### Data for this exercise

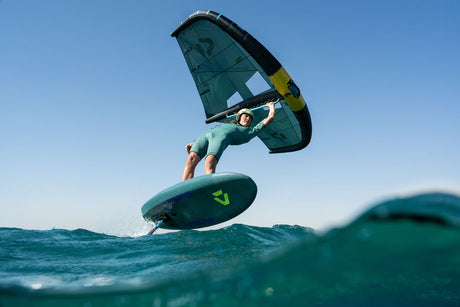 Duotone Skybrid SLS 2027 Kiteboard in Grün und Schwarz mit Fahrer in Aktion auf dem Wasser, Frontalansicht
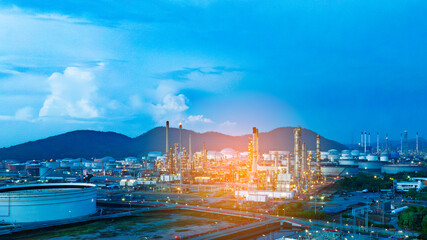 Oil refinery. Aerial view of oil and gas industry refinery. Petrochemical plant area and oil storage tank energy concept during the evening energy concept	
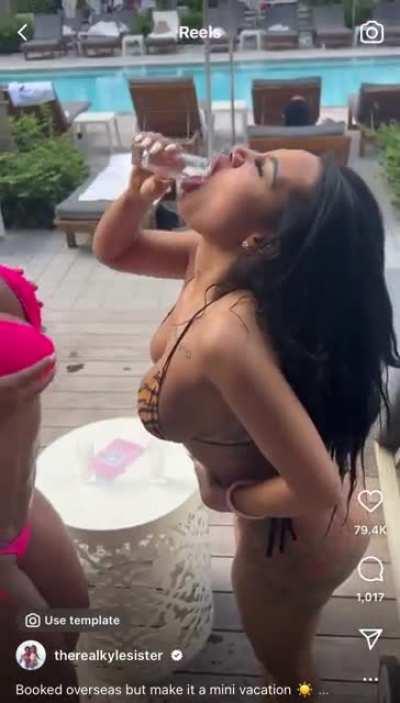 Shaking her titties and in robe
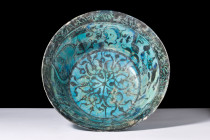 Ca. 1200 AD.
A pottery bowl with a truncated conical form, elevated foot, and flaring sides combine to create an aesthetically pleasing silhouette tha...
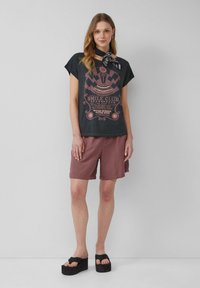Zwart graphic t-shirt met roze print, korte mouwen, gecombineerd met lichtbruine shorts. Zwarte platform sandalen hebben een gedraaide banddetail.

######

Exercise instructions
Reproduce all entries without any change, and omit the pictures.

Expected answer
 Duotone Skybrid SLS 2027 Kiteboard in Grün und Schwarz mit Fahrer in Aktion auf dem Wasser, Frontalansicht
 Oil refinery. Aerial view of oil and gas industry refinery. Petrochemical plant area and oil storage tank energy concept during the evening energy concept	
 Shaking her titties and in robe
 Ca. 1200 AD.
A pottery bowl with a truncated conical form, elevated foot, and flaring sides combine to create an aesthetically pleasing silhouette tha...
Zwart graphic t-shirt met roze print, korte mouwen, gecombineerd met lichtbruine shorts. Zwarte platform sandalen hebben een gedraaide banddetail.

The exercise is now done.